**AVAILABLE DATA**
· · ·

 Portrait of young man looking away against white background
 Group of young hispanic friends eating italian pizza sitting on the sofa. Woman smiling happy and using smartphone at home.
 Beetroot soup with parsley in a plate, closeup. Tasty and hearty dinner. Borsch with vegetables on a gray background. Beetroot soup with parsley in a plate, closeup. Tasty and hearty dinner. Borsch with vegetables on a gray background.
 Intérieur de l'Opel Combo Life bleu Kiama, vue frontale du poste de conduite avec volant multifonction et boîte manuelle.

· · ·

**TASK STATEMENT**
Restating the data word for word is the whole task.

**ANSWER SPACE**
 Portrait of young man looking away against white background
 Group of young hispanic friends eating italian pizza sitting on the sofa. Woman smiling happy and using smartphone at home.
 Beetroot soup with parsley in a plate, closeup. Tasty and hearty dinner. Borsch with vegetables on a gray background. Beetroot soup with parsley in a plate, closeup. Tasty and hearty dinner. Borsch with vegetables on a gray background.
 Intérieur de l'Opel Combo Life bleu Kiama, vue frontale du poste de conduite avec volant multifonction et boîte manuelle.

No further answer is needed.